• _Exercise aim_
Keep the images out and copy every entry below exactly.

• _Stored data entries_
----------------
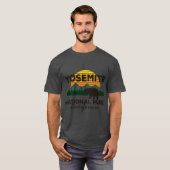 ヨセミテ国立公園 シエラネバダ ブラックベア Su Tシャツ (正面フル)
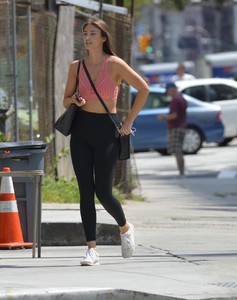 lorena-rae-is-spotted-going-the-gym-in-new-york-city-200817_7.thumb.jpg.ab9137e8136826dfc6923eca75f9df4d.jpg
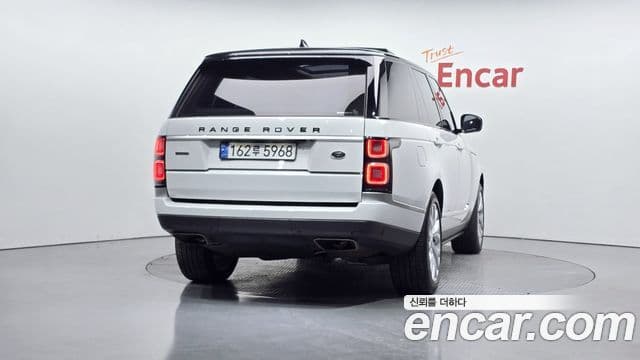 Land Rover Range Rover 4세대 4.4 SDV8 AB дизель, 2018 4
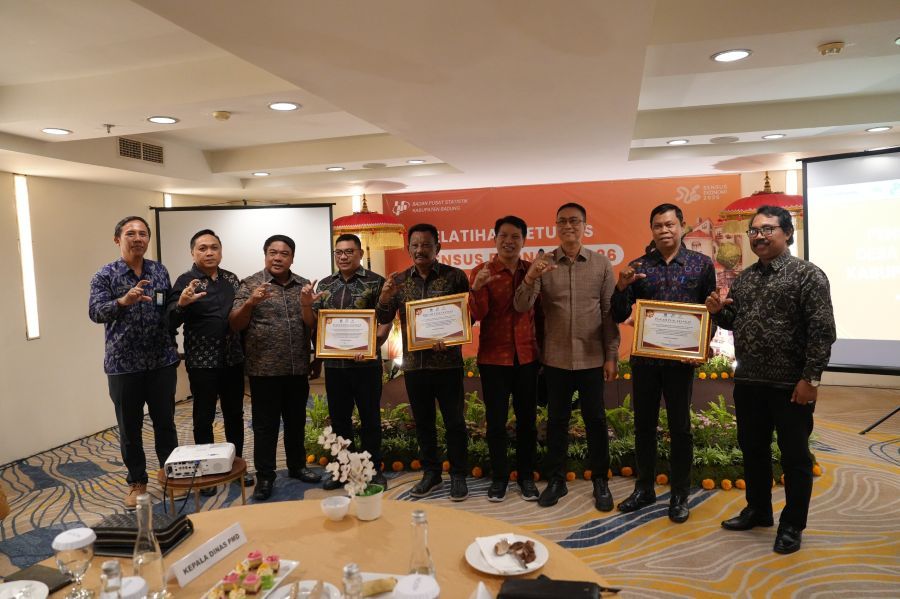 podiumnews.com-Sekda Badung Tutup Pelatihan Sensus Ekonomi dan Canangkan Desa Cantik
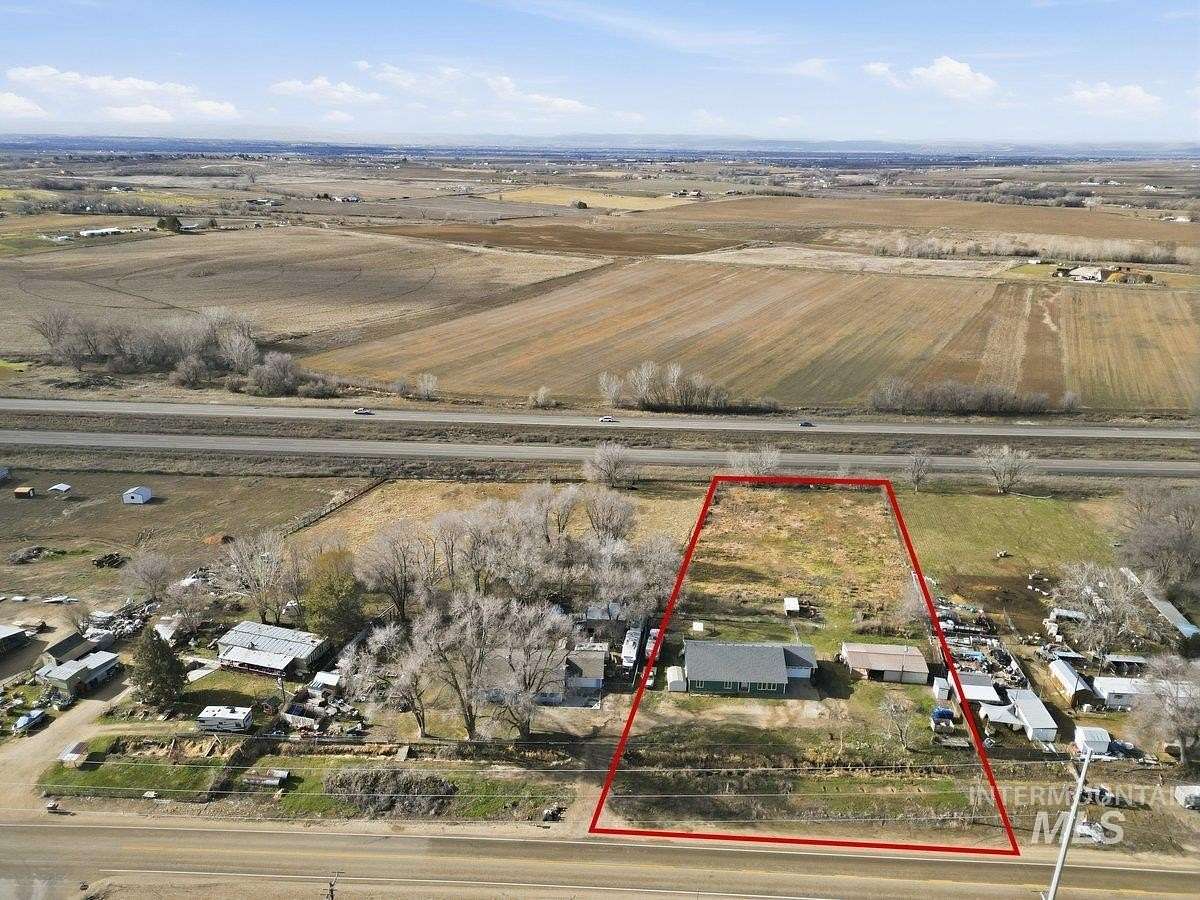2 Acres of Residential Land with Home for Sale in Caldwell, Idaho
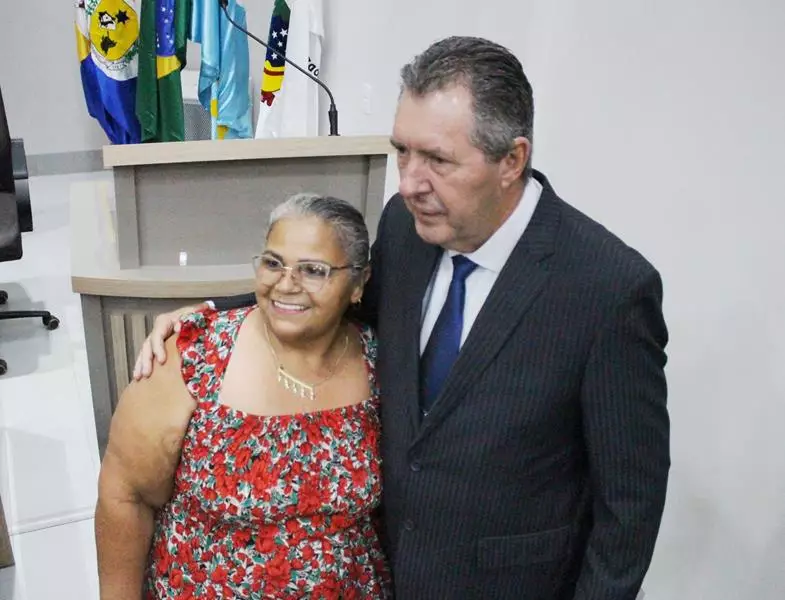 Em sessão com a Câmara lotada Heliomar Klabunde assume seu terceiro mandato como prefeito em Paranhos Em sessão com a Câmara lotada Heliomar Klabunde assume seu terceiro mandato como prefeito em Paranhos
----------------
• _Answer box_
 ヨセミテ国立公園 シエラネバダ ブラックベア Su Tシャツ (正面フル)
 lorena-rae-is-spotted-going-the-gym-in-new-york-city-200817_7.thumb.jpg.ab9137e8136826dfc6923eca75f9df4d.jpg
 Land Rover Range Rover 4세대 4.4 SDV8 AB дизель, 2018 4
 podiumnews.com-Sekda Badung Tutup Pelatihan Sensus Ekonomi dan Canangkan Desa Cantik
2 Acres of Residential Land with Home for Sale in Caldwell, Idaho
 Em sessão com a Câmara lotada Heliomar Klabunde assume seu terceiro mandato como prefeito em Paranhos Em sessão com a Câmara lotada Heliomar Klabunde assume seu terceiro mandato como prefeito em Paranhos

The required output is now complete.